What you are asked to do
The answer is to be an exact copy of the lines below running from the line with "3 slide storage boxes cardboard" down to the line with "BONO HERA 5 SESIONES BONO HERA 5 SESIONES", both ends included, and nothing more.

Extracted records
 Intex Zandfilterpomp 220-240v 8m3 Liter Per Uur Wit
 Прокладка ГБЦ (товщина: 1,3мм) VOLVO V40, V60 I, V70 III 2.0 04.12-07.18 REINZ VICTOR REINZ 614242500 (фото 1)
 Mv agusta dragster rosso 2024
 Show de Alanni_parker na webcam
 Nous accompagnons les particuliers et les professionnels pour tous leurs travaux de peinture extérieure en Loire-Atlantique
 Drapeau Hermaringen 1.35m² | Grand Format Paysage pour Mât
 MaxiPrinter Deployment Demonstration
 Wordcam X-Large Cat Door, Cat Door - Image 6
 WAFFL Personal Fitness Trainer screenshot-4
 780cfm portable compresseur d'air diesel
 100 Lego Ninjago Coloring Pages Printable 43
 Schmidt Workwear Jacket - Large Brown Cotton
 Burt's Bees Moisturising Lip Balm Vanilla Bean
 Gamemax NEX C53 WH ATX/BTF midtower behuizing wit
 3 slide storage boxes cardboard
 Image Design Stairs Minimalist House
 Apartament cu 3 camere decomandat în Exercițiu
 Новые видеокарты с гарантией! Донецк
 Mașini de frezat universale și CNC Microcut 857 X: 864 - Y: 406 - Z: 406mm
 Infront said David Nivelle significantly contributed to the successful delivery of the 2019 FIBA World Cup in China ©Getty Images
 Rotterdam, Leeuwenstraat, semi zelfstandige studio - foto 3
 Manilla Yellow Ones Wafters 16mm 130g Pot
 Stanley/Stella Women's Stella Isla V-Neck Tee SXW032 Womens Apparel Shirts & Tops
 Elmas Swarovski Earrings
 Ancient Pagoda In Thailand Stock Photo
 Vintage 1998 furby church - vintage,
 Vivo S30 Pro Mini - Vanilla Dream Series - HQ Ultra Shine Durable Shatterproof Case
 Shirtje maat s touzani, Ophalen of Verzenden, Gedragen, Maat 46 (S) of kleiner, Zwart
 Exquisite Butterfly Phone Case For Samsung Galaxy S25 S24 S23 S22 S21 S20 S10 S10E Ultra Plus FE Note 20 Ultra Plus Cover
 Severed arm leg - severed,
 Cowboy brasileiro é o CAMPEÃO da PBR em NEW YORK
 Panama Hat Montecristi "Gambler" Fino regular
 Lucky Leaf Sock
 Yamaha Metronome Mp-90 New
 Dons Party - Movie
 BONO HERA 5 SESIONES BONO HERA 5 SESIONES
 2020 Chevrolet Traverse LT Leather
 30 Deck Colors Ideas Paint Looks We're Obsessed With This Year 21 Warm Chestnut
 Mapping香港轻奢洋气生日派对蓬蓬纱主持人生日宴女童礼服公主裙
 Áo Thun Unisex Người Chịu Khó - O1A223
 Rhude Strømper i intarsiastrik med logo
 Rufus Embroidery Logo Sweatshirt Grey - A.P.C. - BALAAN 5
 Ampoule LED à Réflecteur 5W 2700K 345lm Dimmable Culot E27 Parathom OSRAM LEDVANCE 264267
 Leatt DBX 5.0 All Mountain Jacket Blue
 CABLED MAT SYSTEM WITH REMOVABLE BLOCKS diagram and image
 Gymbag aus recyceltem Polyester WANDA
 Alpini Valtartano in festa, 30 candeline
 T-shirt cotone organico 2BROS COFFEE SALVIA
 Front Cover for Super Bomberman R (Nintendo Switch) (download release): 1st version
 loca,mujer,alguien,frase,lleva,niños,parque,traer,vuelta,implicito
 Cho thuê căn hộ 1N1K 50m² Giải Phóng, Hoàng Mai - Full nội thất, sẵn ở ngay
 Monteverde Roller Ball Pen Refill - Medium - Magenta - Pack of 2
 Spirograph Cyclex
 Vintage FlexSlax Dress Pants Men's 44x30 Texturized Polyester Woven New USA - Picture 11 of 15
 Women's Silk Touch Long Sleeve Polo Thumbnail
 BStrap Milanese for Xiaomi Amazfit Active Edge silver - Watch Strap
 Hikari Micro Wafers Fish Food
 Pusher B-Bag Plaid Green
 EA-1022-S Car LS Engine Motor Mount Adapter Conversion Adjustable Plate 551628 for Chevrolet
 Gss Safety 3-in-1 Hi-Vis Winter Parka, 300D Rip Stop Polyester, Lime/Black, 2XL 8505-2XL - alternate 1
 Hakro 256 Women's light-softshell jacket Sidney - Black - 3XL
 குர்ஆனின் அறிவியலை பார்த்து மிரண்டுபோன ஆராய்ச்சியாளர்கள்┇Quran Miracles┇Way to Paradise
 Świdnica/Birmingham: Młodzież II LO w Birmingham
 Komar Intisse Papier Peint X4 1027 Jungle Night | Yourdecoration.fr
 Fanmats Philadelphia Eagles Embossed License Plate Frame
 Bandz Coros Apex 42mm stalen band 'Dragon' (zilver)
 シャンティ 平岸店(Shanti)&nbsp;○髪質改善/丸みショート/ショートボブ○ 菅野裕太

Result of this exercise
 3 slide storage boxes cardboard
 Image Design Stairs Minimalist House
 Apartament cu 3 camere decomandat în Exercițiu
 Новые видеокарты с гарантией! Донецк
 Mașini de frezat universale și CNC Microcut 857 X: 864 - Y: 406 - Z: 406mm
 Infront said David Nivelle significantly contributed to the successful delivery of the 2019 FIBA World Cup in China ©Getty Images
 Rotterdam, Leeuwenstraat, semi zelfstandige studio - foto 3
 Manilla Yellow Ones Wafters 16mm 130g Pot
 Stanley/Stella Women's Stella Isla V-Neck Tee SXW032 Womens Apparel Shirts & Tops
 Elmas Swarovski Earrings
 Ancient Pagoda In Thailand Stock Photo
 Vintage 1998 furby church - vintage,
 Vivo S30 Pro Mini - Vanilla Dream Series - HQ Ultra Shine Durable Shatterproof Case
 Shirtje maat s touzani, Ophalen of Verzenden, Gedragen, Maat 46 (S) of kleiner, Zwart
 Exquisite Butterfly Phone Case For Samsung Galaxy S25 S24 S23 S22 S21 S20 S10 S10E Ultra Plus FE Note 20 Ultra Plus Cover
 Severed arm leg - severed,
 Cowboy brasileiro é o CAMPEÃO da PBR em NEW YORK
 Panama Hat Montecristi "Gambler" Fino regular
 Lucky Leaf Sock
 Yamaha Metronome Mp-90 New
 Dons Party - Movie
 BONO HERA 5 SESIONES BONO HERA 5 SESIONES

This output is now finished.